Entries provided:
·····

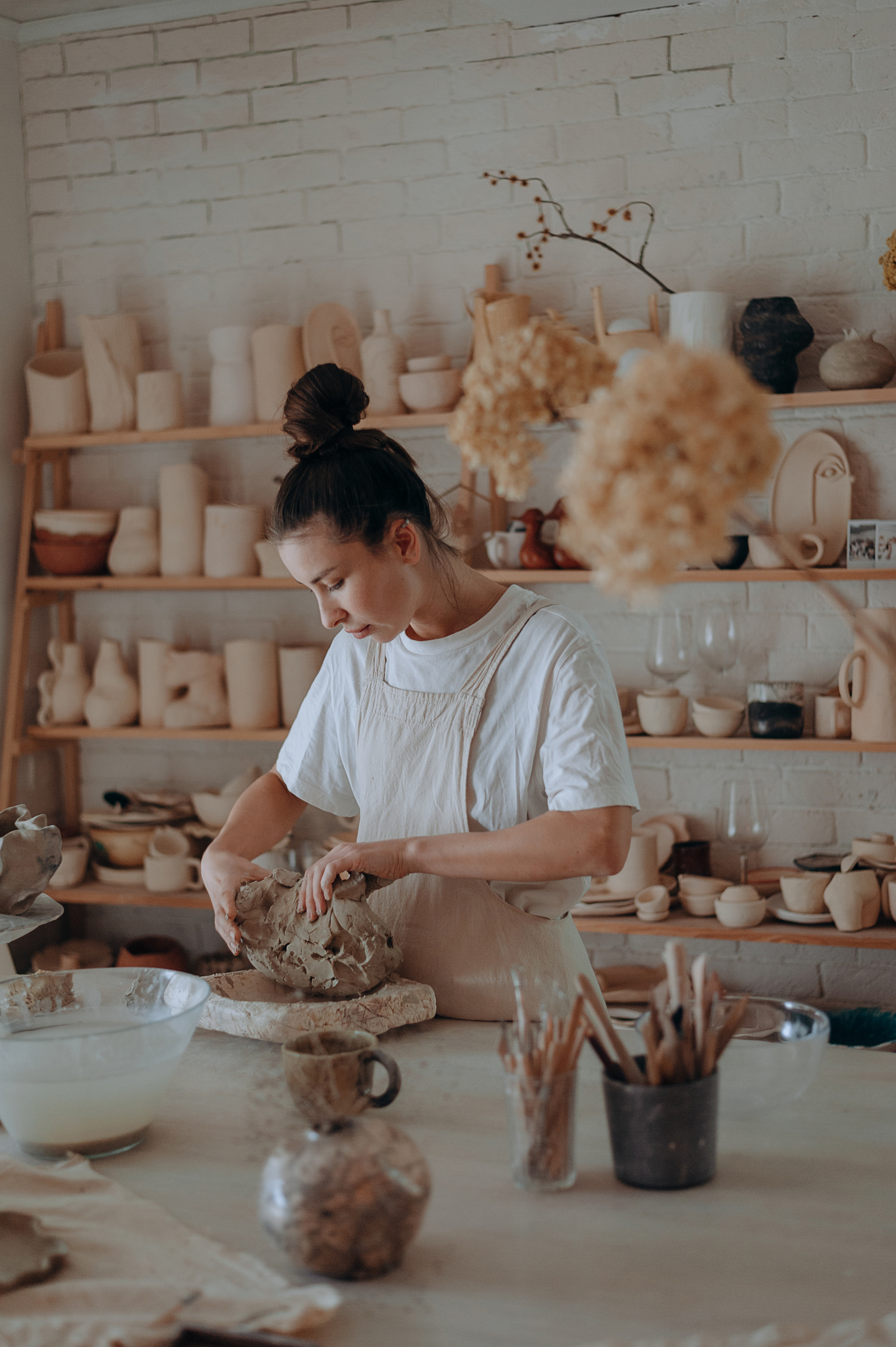 Мастер-класс по керамике | CrimeanPottery. Портретный свадебный фотограф Крым | Евгения Щитенко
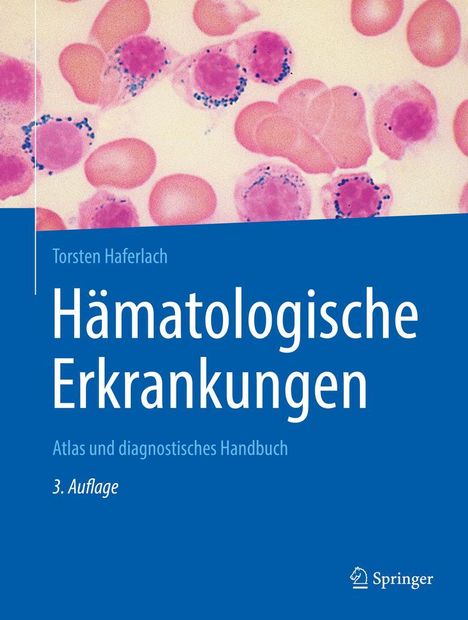 Torsten Haferlach: Hämatologische Erkrankungen, Buch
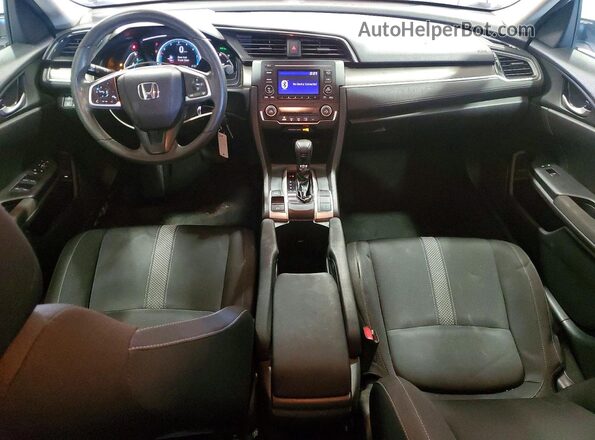 19XFC2F6XKE016578 2019 HONDA CIVIC White 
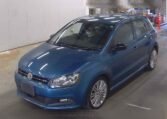 Volkswagen Polo GT 1.4L Petrol, 2016 Blue Colour, 38k Miles, Automatic Gearbox, Hatchback - 3
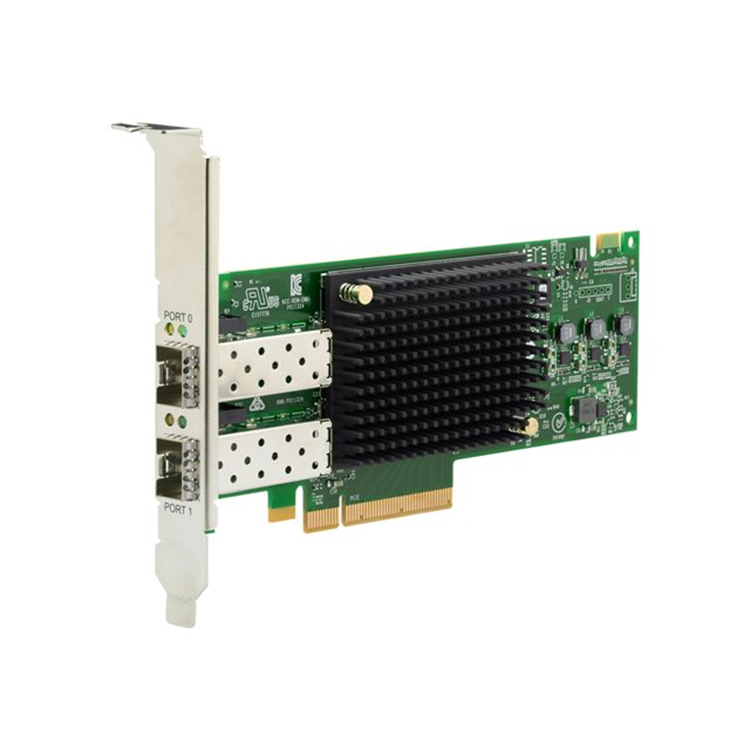 HPE SN1700E 64Gb 2-port Fibre Channel Host Bus Adapter
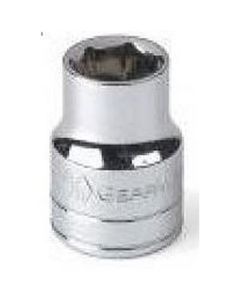 KDT80612 image(1) - GearWrench 1/2 Inch Drive 6 Point Standard SAE Socket 1-1/16 Inch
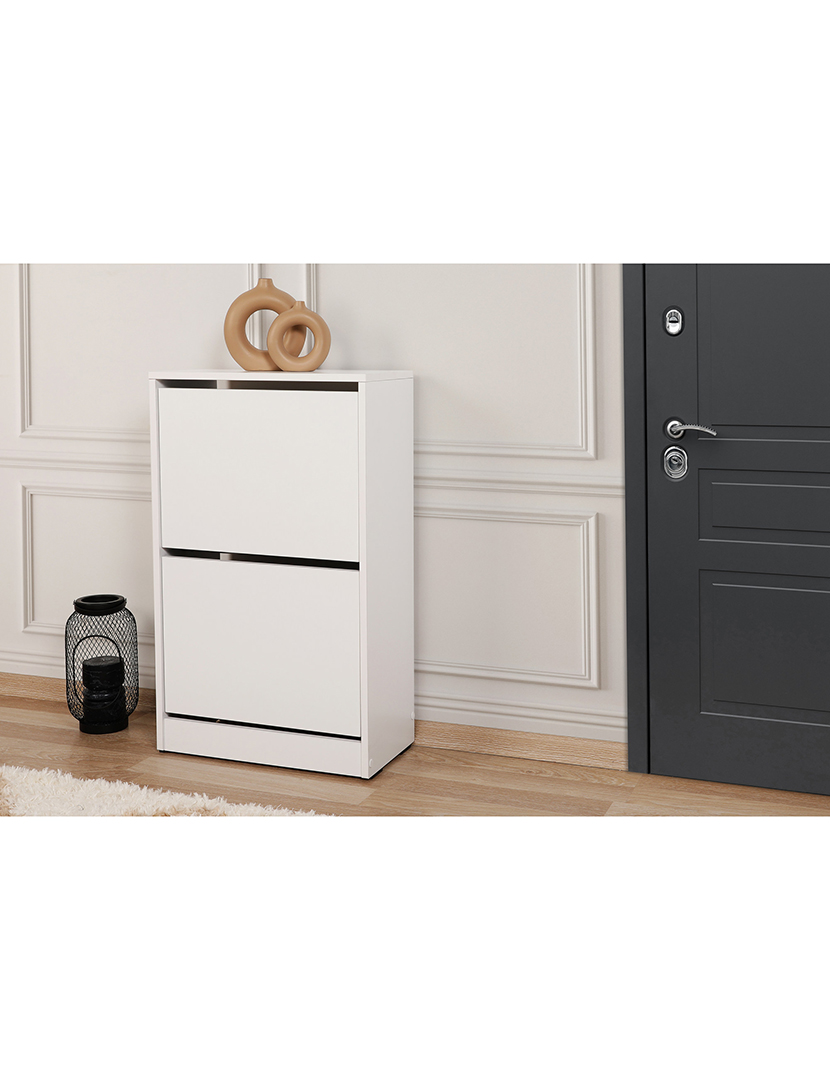 Sapateira Shc-320-Bb-1 Branco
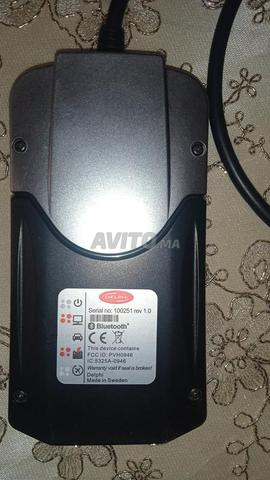 Appareils de diagnostic automobile (DELPHI) - 2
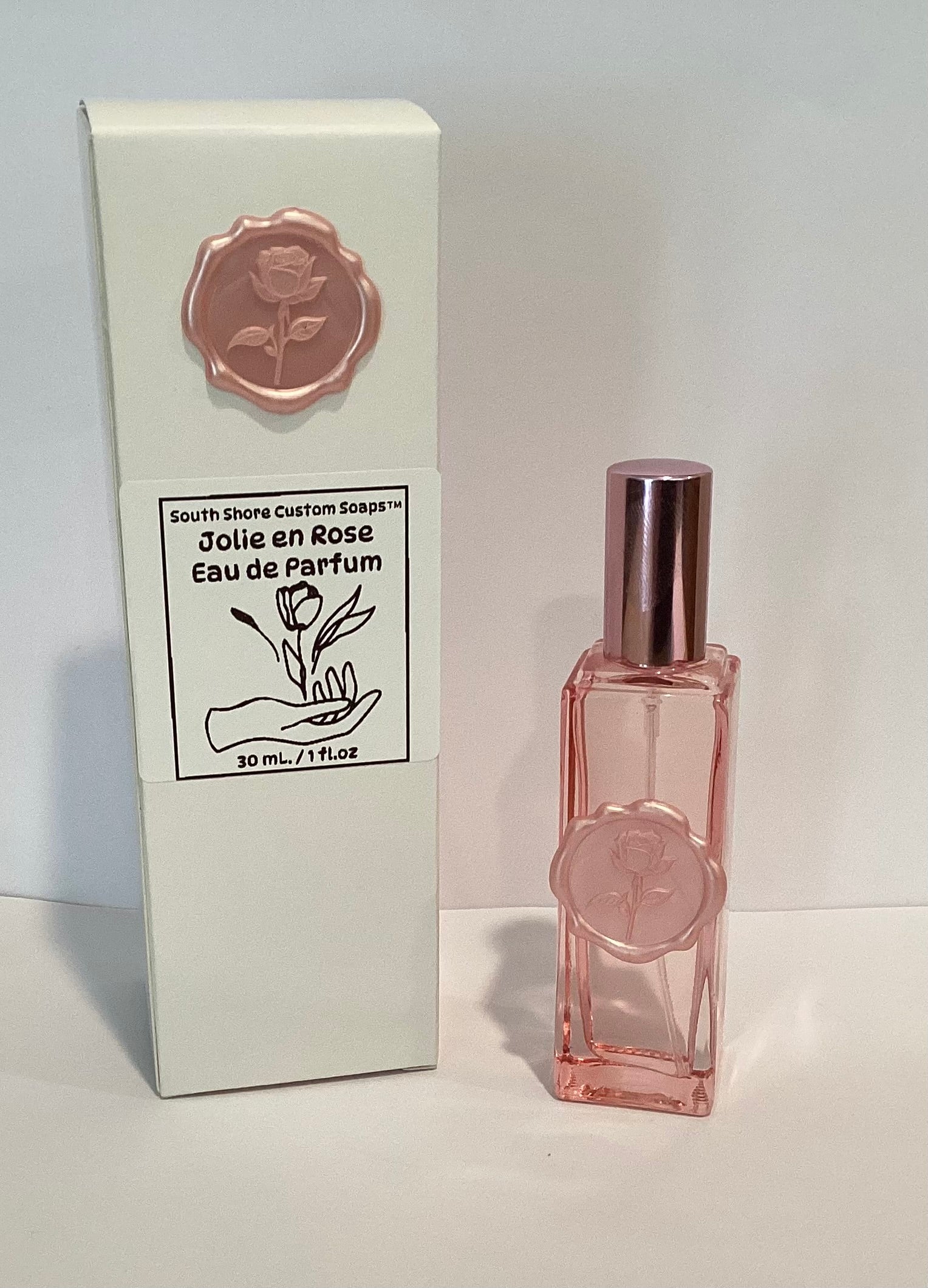 Jolie en Rose Eau de Parfum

·····

Directions: The reply must match the records exactly, apart from the pictures, which are left out.

Response to the task:
 Мастер-класс по керамике | CrimeanPottery. Портретный свадебный фотограф Крым | Евгения Щитенко
 Torsten Haferlach: Hämatologische Erkrankungen, Buch
 19XFC2F6XKE016578 2019 HONDA CIVIC White 
 Volkswagen Polo GT 1.4L Petrol, 2016 Blue Colour, 38k Miles, Automatic Gearbox, Hatchback - 3
 HPE SN1700E 64Gb 2-port Fibre Channel Host Bus Adapter
 KDT80612 image(1) - GearWrench 1/2 Inch Drive 6 Point Standard SAE Socket 1-1/16 Inch
 Sapateira Shc-320-Bb-1 Branco
 Appareils de diagnostic automobile (DELPHI) - 2
 Jolie en Rose Eau de Parfum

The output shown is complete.